Сергей Волконский - Мои воспоминания. Часть вторая. Странствия
Встречал я у Тэков известного в свое время сочинителя популярнейших романсов Паоло Тости. Очень средний музыкант, несерьезный, банальный, он как-то сумел попасть в точку; он ответил музыкальным потребностям людей, для которых музыка была тем, чем, по выражению Державина, была поэзия для царевны Фелицы:
Поэзия тебе любезна,Приятна, сладостна, полезна,Как летом вкусный лимонад.
Его успех сделала Англия, то есть английские великосветские гостиные; его лавры были более в цене на Олимпе, нежели на Парнасе. Но он имел удивительный дар: без голоса, он пел очаровательно. Увидя это, всякая безголосая англичанка думала, что стоит взять несколько уроков у Тости, чтобы петь, как он. Он быстро пошел в гору как профессор пения и зарабатывал большие деньги. Этот маленький, невзрачный человек сделал одно из труднейших завоеваний: он завоевал Лондон.

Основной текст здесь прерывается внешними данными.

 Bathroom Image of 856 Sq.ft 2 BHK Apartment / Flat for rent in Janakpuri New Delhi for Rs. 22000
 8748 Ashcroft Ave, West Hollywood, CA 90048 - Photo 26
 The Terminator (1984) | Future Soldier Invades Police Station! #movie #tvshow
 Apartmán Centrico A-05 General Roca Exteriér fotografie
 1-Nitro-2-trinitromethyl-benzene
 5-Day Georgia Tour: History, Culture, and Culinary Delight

Однако не могу не отметить, что однажды Тости аккомпанировал упомянутому Дэме незначительные итальянские и немецкие вещицы. Вдруг Дэме берет и развертывает перед ним «Мейстерзингеров». Тости встал и уступил мне свое место.

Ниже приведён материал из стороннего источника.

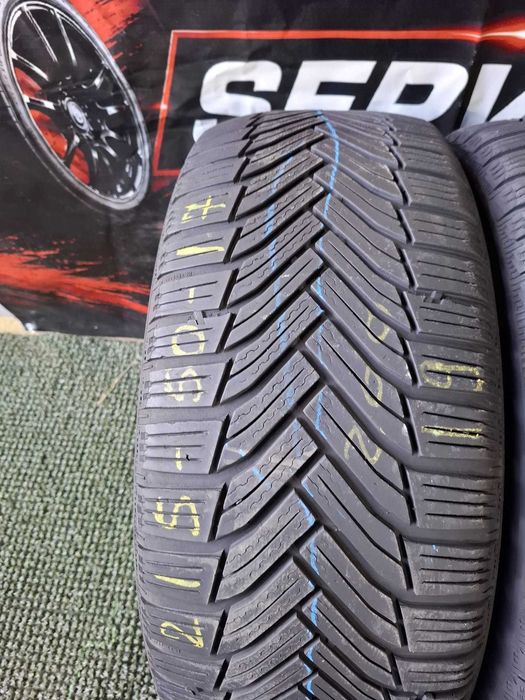 215 50 17 MICHELIN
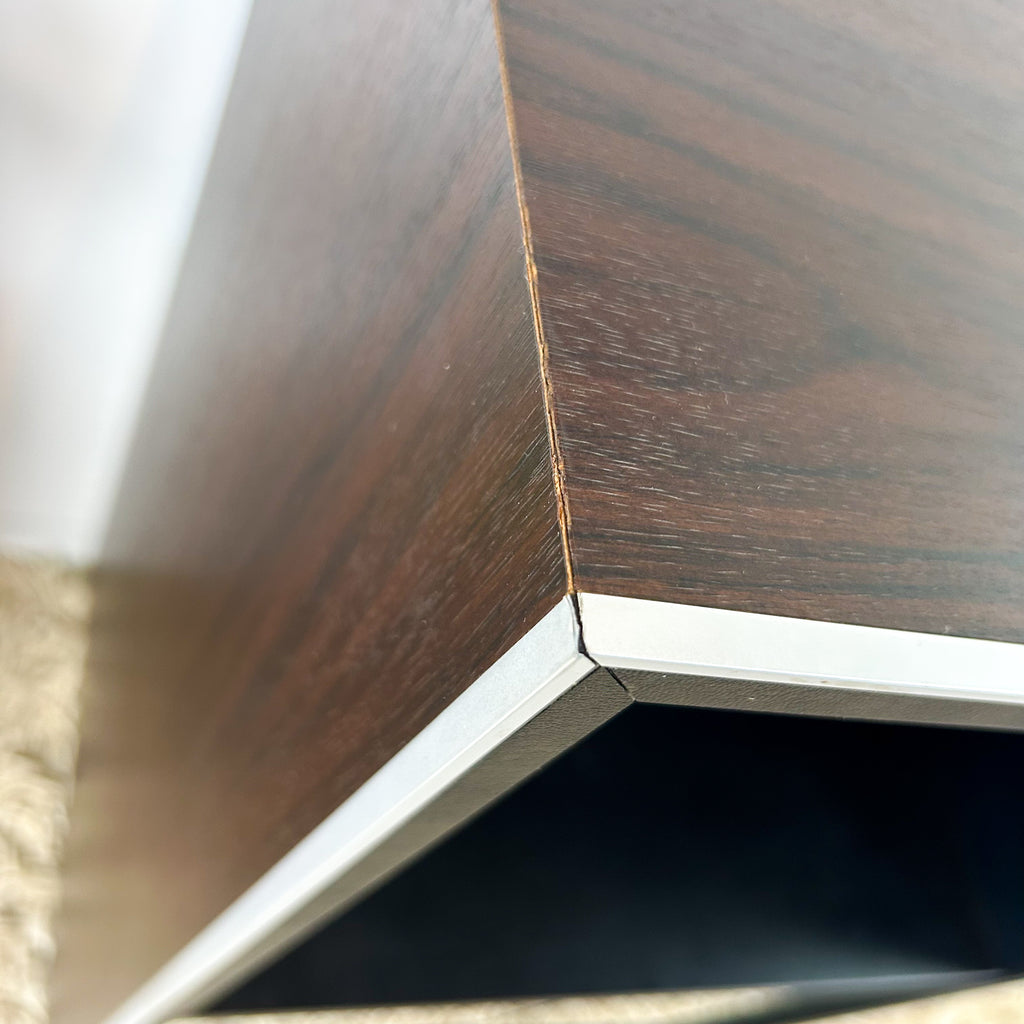 STEREO CABINET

К нему пылала старческою нежностью мать герцогини Тэк, старая герцогиня Кембриджская. Дважды в год Тости приезжал в Лондон, чтобы услаждать старушку. Каждый день приносили ему от нее корзину дичи и корзину фруктов. По завещанию она оставила ему пять тысяч фунтов стерлингов.
Герцогиня Тэк, или, как ее больше звали в Англии, принцесса Мэри, была чрезвычайно популярна. Я несколько раз сопровождал ее на школьные празднества, какие-нибудь «открытия». Как она бывала очаровательна, как умела распространять свою личность и с совершенно ей одной присущей естественностью — ни малейшего усилия. И тут же она — королевское высочество и тут же ее дети облепляют ее, как пчелы вкруг улья…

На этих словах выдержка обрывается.